Failing...Again and Again
I've wanted to be an author for many, many years. Telling stories is one of the few things I feel good at.
While my dream of becoming a published author came true in 2013 and I've written/published several more books since then (under a pen name), the success that I just knew would follow hasn't. But surely, if I'm doing the work that I was called to then it should.
I don't know anymore. Every time a book comes out I think, "Now, this one. Surely this is the one that will launch my name into the greater reading circles." I don't expect a bestseller (but I really want one). I don't believe that because I'm called to write, it should be easy or that doors should fly open at my approach. I don't believe that I will become an overnight success.
But does it have to be quite so hard?
The degradation of my mental state goes something like this:
"I'm so excited to write today! This new manuscript is great. I'm really going to make it this time. This is the book that will connect with readers near and far."
(Type, type, type. Write, write, write. Then checks Google Analytics)
"Wow. That can't be right, can it? Eight visitors to my website? Eight? And two of those were me, checking things over."
"I must be doing something wrong."
(Sick, squeezing feeling in belly)
"God must not have really called me to write this. Maybe I'm supposed to be writing that."
"I suck at writing."
"Maybe I need a little inspiration."
(Reads popular author's blog post/Twitter post)
"I'll never write like her/him. Why do I even bother trying?"
Honestly? I want the career that Joanna Penn has. I think she's a super-smart and savvy business woman. I love her nonfiction books. I like her podcast...though I have to listen only occasionally, as it makes me feel a little frantic. Like I'm crawling along while she and her guests are sprinting miles ahead of me.
“The human ego prefers anything, just about anything, to falling, or changing, or dying. The ego is that part of you that loves the status quo – even when it's not working. It attaches to past and present and fears the future.”Boiling things down to the basics, I have two choices.
― Richard Rohr,
Choice A: Give up
Choice B: Keep going
I've tried giving up. For over a year after getting a full-time, corporate job, I resisted writing anything except in my journal.

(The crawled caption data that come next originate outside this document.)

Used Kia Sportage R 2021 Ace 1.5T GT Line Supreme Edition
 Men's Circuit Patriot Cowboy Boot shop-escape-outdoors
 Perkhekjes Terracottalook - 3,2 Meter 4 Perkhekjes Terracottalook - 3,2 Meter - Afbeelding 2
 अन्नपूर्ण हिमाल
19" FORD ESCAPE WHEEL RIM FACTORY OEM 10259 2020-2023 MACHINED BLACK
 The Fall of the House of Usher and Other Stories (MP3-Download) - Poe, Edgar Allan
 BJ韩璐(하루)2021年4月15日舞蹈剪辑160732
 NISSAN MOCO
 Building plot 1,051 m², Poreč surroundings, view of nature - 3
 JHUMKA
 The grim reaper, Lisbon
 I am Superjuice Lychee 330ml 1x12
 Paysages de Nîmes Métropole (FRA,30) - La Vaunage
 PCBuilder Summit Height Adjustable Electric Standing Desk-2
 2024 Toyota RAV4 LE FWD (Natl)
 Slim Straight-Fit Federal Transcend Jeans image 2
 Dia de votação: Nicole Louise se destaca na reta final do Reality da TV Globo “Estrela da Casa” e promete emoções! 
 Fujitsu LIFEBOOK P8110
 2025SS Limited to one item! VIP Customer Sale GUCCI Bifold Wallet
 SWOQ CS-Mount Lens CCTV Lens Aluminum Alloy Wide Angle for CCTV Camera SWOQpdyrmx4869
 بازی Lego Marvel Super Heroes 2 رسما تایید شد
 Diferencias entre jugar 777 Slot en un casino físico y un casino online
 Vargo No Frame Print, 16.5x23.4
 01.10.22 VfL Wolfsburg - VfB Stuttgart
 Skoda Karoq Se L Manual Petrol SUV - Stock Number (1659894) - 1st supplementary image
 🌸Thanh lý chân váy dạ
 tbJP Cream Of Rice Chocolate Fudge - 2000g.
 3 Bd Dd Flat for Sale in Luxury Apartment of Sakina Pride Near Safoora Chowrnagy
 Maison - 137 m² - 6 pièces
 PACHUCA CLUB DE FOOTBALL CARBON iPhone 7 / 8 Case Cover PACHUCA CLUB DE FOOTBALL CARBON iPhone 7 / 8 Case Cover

I told myself over and over again that I was free from that burden, that I didn't need to do anything above and beyond my regular, everyday life. That I was a "regular person," now, and could just rest and relax when I wasn't at work.
And then I got really depressed.
Instead of freedom, I felt deep sadness and emptiness. Instead of lightness in my spirit, I felt haunted. Instead of restfulness, I felt dull and half-asleep.
It was like I was on a treadmill: going through the motions of life, but not really open and present, not really aware of everything around me. Head down. Nose to the grindstone. Don't look up.
But when I'm doing the writing work I'm meant to? When I'm writing and living my dream (albeit without the accompanying success)? I feel fulfilled. My spirit is more at ease, sparks fly and my world feels right.
Creativity is ingrained in me. Creativity is what I'm here on earth to share. Keeping it bottled up and on the shelf hurts me...and others who might have gotten something from whatever it was I refused to share.
It still hurts though. It hurts to spend hours and hours of time on something, only to have it fall flat. It hurts to have others refer to my work as a "little hobby," when it is something so much more to me. It hurts to constantly try to affirm my worth as a writer in a very noisy, very crowded world of creatives.
What is the alternative though? To tamp it down. To deny my dream. To be untrue to myself and my creative spirit. Those aren't alternatives that I'm willing to explore anymore.
Better to keep failing and failing again, then to give up.